Saturday of last week we had kind of an unplanned practice. Between Tuesday and the weekend I had been busy every weekend with my church choir preparing and singing for the Easter weekend liturgies every evening, so we hadn't practiced in several days. I showed up for conditioning class on Saturday, but probably because it was a holiday weekend and such a gorgeous day, no one else had showed up, so they opted not to have the class. Since I had come all the way to studio, I felt I might as well get something out of it and decided to hang out and stretch since I had just worked out, and then put on my shoes and started practicing a bit on my own, working on heel turns, foxtrot movement, and extension. Since Jeff was there, he figured we might as well get some practice in, so he put his own shoes on and we ran through our dances.
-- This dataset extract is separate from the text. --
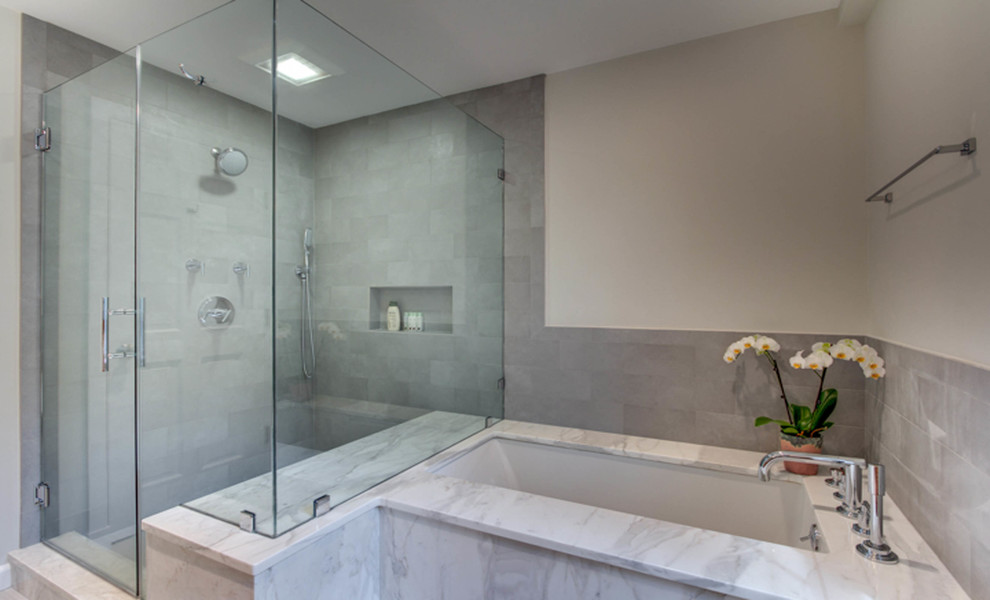Ejemplo de cuarto de baño actual con bañera encastrada sin remate, ducha esquinera y ducha con puerta con bisagras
It ended up being a very good practice, probably because there was little distraction, we were fairly fresh since it was in the middle of the afternoon on a weekend, and we almost had the floor and the music to ourselves.

This practice, we ran through each dance and reviewed some of the problem areas a bit. Foxtrot was feeling good that day, and we were remembering how we had worked so hard on getting our movement versus our steps on the beat of the music, and how you actually step on the off beat. Jeff thinks we're doing it correctly now; I actually don't think about it so I didn't know for sure. When I'm dancing my best foxtrot, I'm usually totally focused on the lead and keeping myself with him, versus thinking about my own technique or not thinking at all. Lately, especially with foxtrot, I'm trying to think in terms of myself being a part or extension of him...so that when this or that leg moves, mine goes too as if they were one unit, or if the body rotates or moves in a new directly, mine responds in kind. I know that's obvious, but when I think of what I'm doing in terms of what he's doing, it works much better than when I think about how I'm dancing as an independent thing. I find that my focus and the way I think as a follow has become more and more relative to the lead and less objective. I think that's good though. Anyhow, the natural turns seemed much improved and more on balance, which I attributed to our focused practice on that on Tuesday.

It was good to run through each of the dances and kind of figure out where we stood with each one. I think tango is actually the worst and probably waltz the best. Quickstep is still hard, but I think the polished look and technique in tango is still quite elusive, while I think we can fake it more convincingly in quickstep. What we really need at this point is more lessons. Hopefully, we'll be able to start up with those again in the near future.